## To do
In the entries that follow, repeat exactly the lines from the one that has "warp weft of fabric their role in" through the one that has "Title: Das FSI", but omit pictures.

## Provided material
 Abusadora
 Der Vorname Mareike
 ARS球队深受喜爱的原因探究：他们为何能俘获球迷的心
* * *
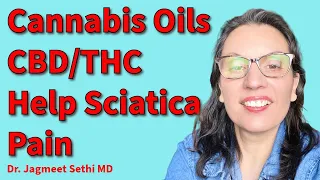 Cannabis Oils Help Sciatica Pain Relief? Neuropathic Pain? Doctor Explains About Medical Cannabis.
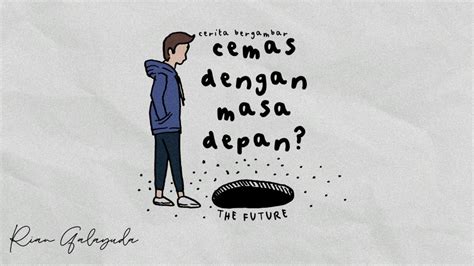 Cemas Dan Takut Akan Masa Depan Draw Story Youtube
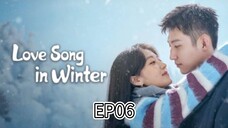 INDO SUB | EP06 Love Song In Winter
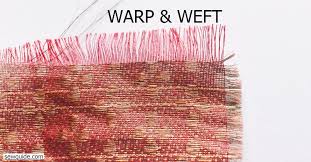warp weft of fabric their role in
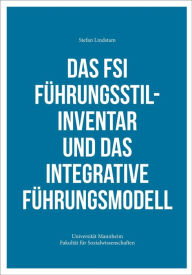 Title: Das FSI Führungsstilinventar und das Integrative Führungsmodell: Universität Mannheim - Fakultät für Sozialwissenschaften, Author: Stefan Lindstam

## Exercise solution
warp weft of fabric their role in
 Title: Das FSI Führungsstilinventar und das Integrative Führungsmodell: Universität Mannheim - Fakultät für Sozialwissenschaften, Author: Stefan Lindstam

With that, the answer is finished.